Background: Ureteric (renal) colic is a common, painful condition encountered in the Emergency Department (ED). Sustained contraction of smooth muscle in the ureter as a kidney stone passes the length of the ureter leads to pain. The majority of stones will pass spontaneously (i.e. without urologic intervention). For over a decade, calcium channel blockers (i.e. nifedipine) and, more commonly, alpha adrenoreceptor antagonists (i.e. tamsulosin) have been employed in the treatment of ureteral colic for their potential ability to increase stone passage, reduce pain medication use and reduce urologic interventions. These interventions were mostly based on poor methodologic studies and meta-analyses of these flawed studies (Hollingsworth 2016)

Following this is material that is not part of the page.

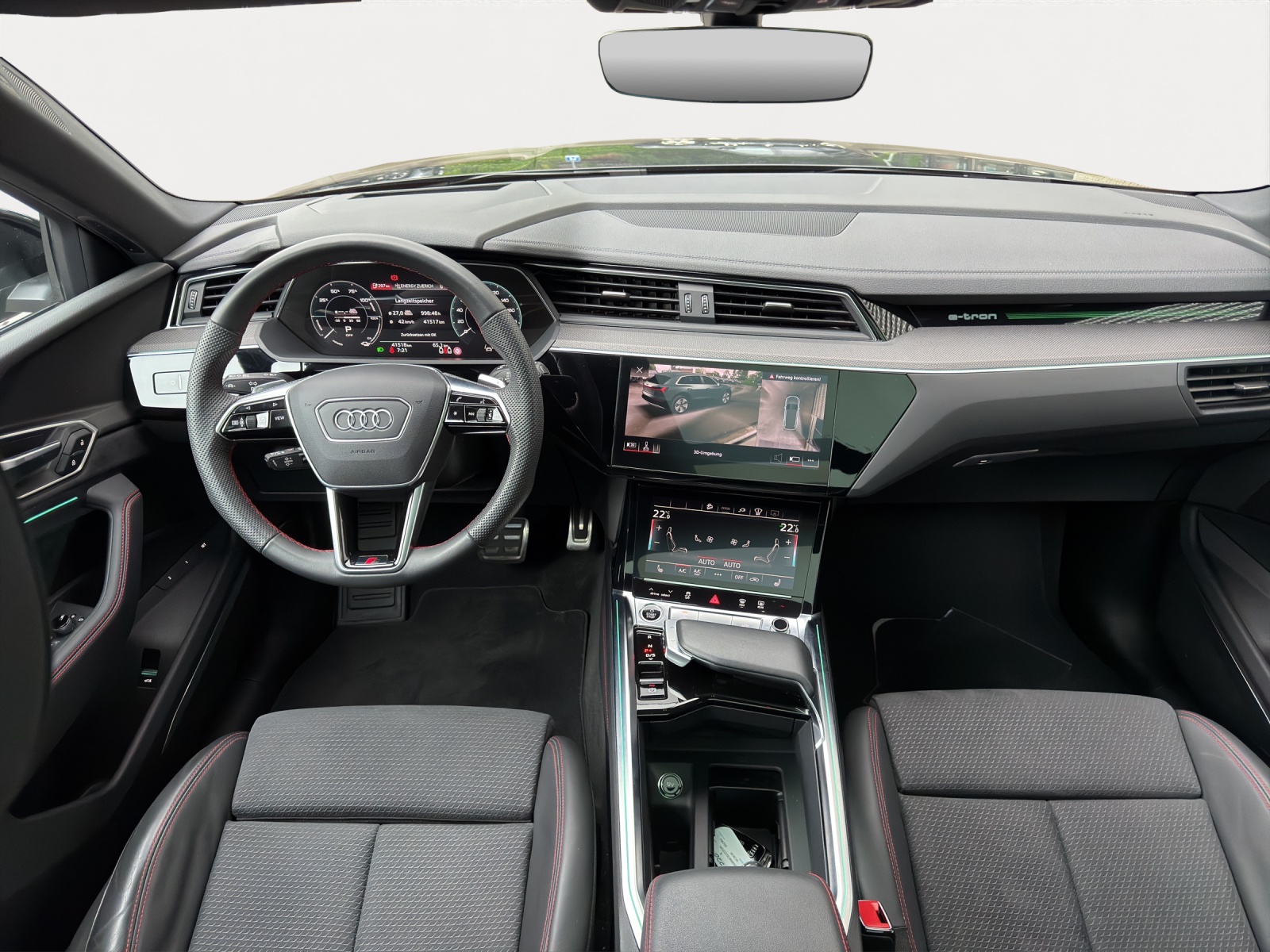 AUDI Q8 50 e-tron Black Edition-image-5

Over the past 3-4 years, a small number of higher-quality RCTs have been published (Ferre 2009, Pickard 2015, Furyk 2016). These studies have demonstrated a lack of benefit for routine use of alpha blockers. However, secondary outcomes suggest a possible benefit in larger stones (> 6 mm). In spite of recent multiple studies, the use of alpha blockers remains an area of active debate.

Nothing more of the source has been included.